I have a lex/yacc project which does one thing perfectly fine. I have another lex yacc which does another thing perfectly fine . The main part of these yacc have input and output file specified and in call back I put results in output file . How can I give output of first lex yacc into input of another lex yacc . I do not want to generate intermediate files and push the output file and input to second program . That part I want to change . The problem is that the count of lex , yacc which does 1 thing perfectly fine is huge and is increasing (currently 100) and hence I am looking for a generic strategy that I can reuse . I am looking for a generic solution where all lex/yacc pairs form part of a single project that i can work with . Any suggestion?
1 Answers
If I understand the question correctly, it has little to do with parsing tools (but see note below) since it is an instance of a more general problem – chaining many-to-many transformers – which is an instance of the Producer-Consumer problem.
In short, the problem is that the transformers being chained are not one-to-one, so you cannot simply provide the first one with some input, collect its corresponding output, and then feed that into the second one. Instead, you have to provide some form of control flow inversion, in which both consumer and producer can suspend their execution (retaining their own call stack) while the other process is executing. This model can easily implemented by coroutines, but C++ does not (yet) have such things. In other languages, like Go, this problem is solved with channels, but again these are not (yet) native to C++.
This is precisely the problem solved by the standard shell "pipe" operator (|), which is implemented under the hood using the pipe system call and multiple processes. (There is an example in the linked manpage.)
I hope that between all those links you can find some approach which meets your needs.
Upon reflection, and to make this answer possibly more useful for posterity, it's worth noting that the problem does actually have to do with a limitation of the standard parser generator tools.
In essence, yacc/bison and (f)lex work together to produce a tool which reads input from some source, chunk by chunk, and invokes user-defined actions (a combination of tokenizer actions and reduction actions) as appropriate. So you can view the control flow as:
--> tool -->
/\
/ \
/ \
/ \
/-->read perform<-\
| chunk action |
| | | |
|____/ \____|
The control flow inside the tool is hermetic, so we cannot simply suspend execution in order to wait for input, or to provide partial "output" (i.e. post-action processing).
In order to couple two or more of these tools together, though, we need to be able to do just that. The input of the second process needs to come from the output of the first process, but the second process needs to call (something) to get its input, while the first process is determined to call (something) to handle its output.

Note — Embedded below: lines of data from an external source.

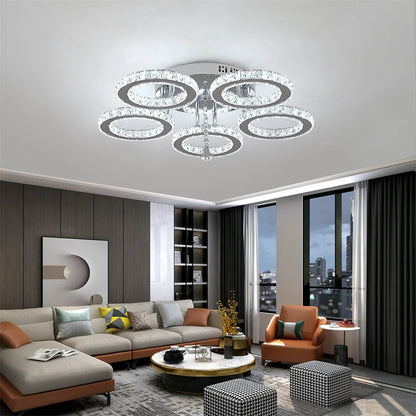 Modern Crystal Fixture Rings Shape Ceiling Light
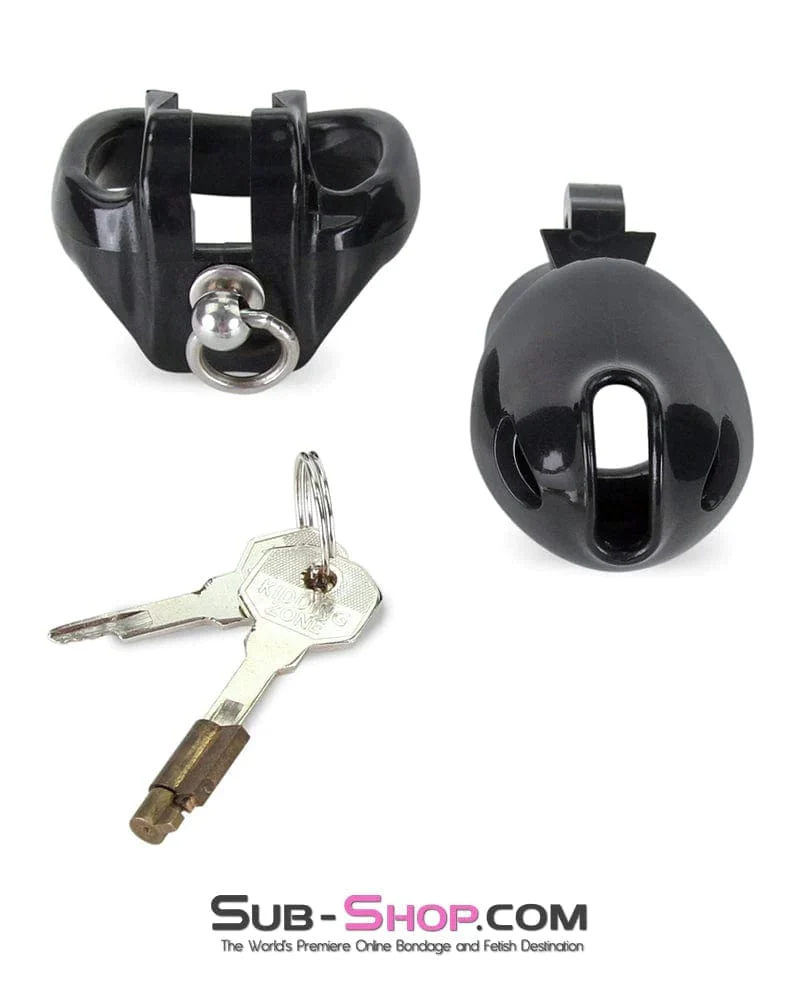 7869M-SIS Hard Up Cock Cage Sissy Chastity with Lead Ring – Black with Medium Cock Ring - Image 5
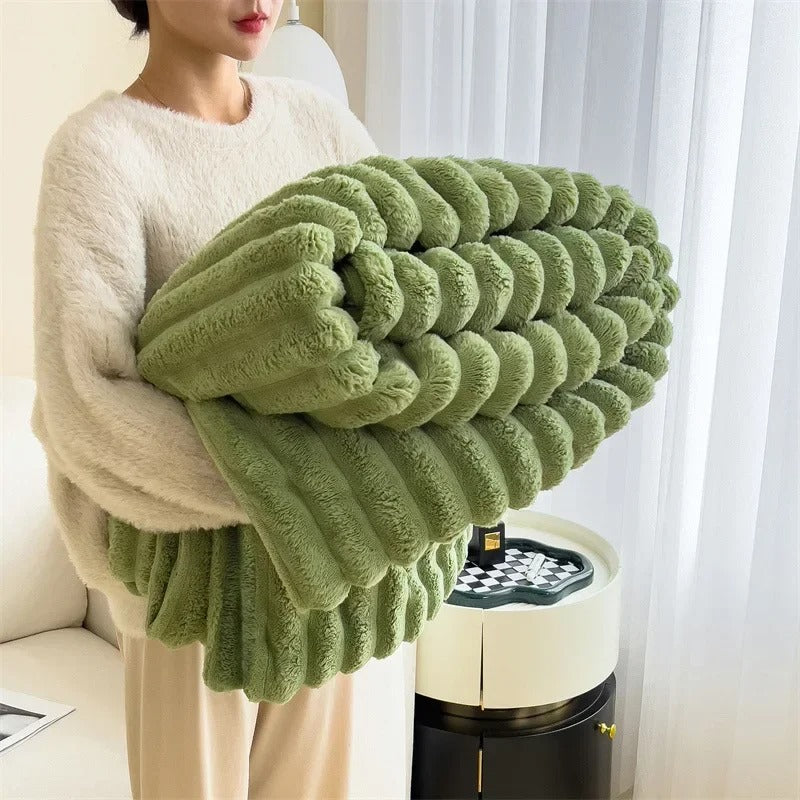 Bred Flanel Fleece Tæppe med Stribet Mønster – Hyggeligt til Stue og Soveværelse Sengetøj Tech Butik Grøn 100x150cm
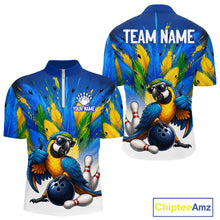 Load image into Gallery viewer, Men's funny parrot bowling quarter zip jersey – green personalized team shirt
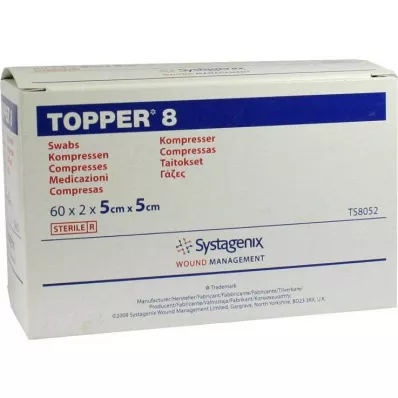 Topper 8 compresse sterili 5x5 cm, 60x2 pezzi Topper 8 compresse sterili 5x5 cm, 60x2 pezzi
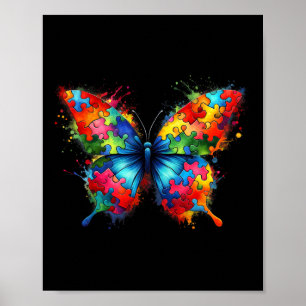Butterfly Autismus Bewusstsein farbenfroh Autistis Poster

So the standard solutions are as described in the first part of the answer: decouple the two tools from their control flow by running them in separate processes/threads/fibres/coroutines/etc. which communicate by means of pipes/queues/channels/etc. The intermediate object, the pipe/queue/channel, has the interesting feature that both ends can be "call"ed, thereby allow us to invert the control flow.
But the whole problem would be avoided if the tools were not call+call, but rather call+return (calls something to get input, but returns each individual piece of output) or called+call (is called with each chunk of input, and calls something to handle each chunk of output). In either of those cases, we could just chain two or more tools together. For example, in the second case (called+call) we would have:
/-->input---->tool1
|____/ |
/-->|
/ |---->tool2
|___/ |
/-->|
/ |---->output
|___/
This is often called the "push" model, because we "push" successive chunks of input into the system, which eventually provides (through a callback) successive output actions. There is also the "pull" model, above described as call+return, in which we call the system every time we need some output, and it calls an input provider whenever it needs more input to satisfy the request:
/-->call<----tool2
|____/ |
/-->|
/ |<----tool1
|___/ |
/-->|
/ |<----input
|___/
(Note that in the push model, we call tool1, pushing the next input, while in the pull model we call tool2 to get the next result.)

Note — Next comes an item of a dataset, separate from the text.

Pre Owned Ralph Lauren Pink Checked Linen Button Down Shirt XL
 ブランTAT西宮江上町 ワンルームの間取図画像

It is trivial to find parsers which implement the push model. The Lemon parser has always worked that way, and bison has had a push API for quite some time now. But that's not good enough, unless we have some mechanism other than a (f)lex-built scanner to provide the token stream, because what we want to push is a "chunk of input", not a series of tokens.

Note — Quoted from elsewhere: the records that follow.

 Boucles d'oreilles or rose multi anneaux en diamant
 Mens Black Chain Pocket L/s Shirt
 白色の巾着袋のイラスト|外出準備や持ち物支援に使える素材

Moreover, it is trivial to find scanners which implement the pull model. (F)lex has always done that; it returns every time it has a new token.
But to glue the two together into a push or pull composite, we need them to both push or both pull.
This shouldn't be difficult. Neither (f)lex nor yacc/bison produce recursive functions, so saving state between successive calls should be straight-forward. (F)lex scanners already do that, with one caveat (mentioned below) which allows them to act in pull mode. Bison's push API does that, in order to act in push mode.
But...
Bison claims to have a "pull" API, to go along with the "push" API. But according to the model presented above, it's not really a "pull" API, since it doesn't return from each action (as (f)lex scanners usually do). Generating code which allows a return from an action means that the state would need to be saved before the action is invoked, since C doesn't allow the interception of a return
statement, and (as far as I know) bison doesn't do that. (But it might not be difficult to add.)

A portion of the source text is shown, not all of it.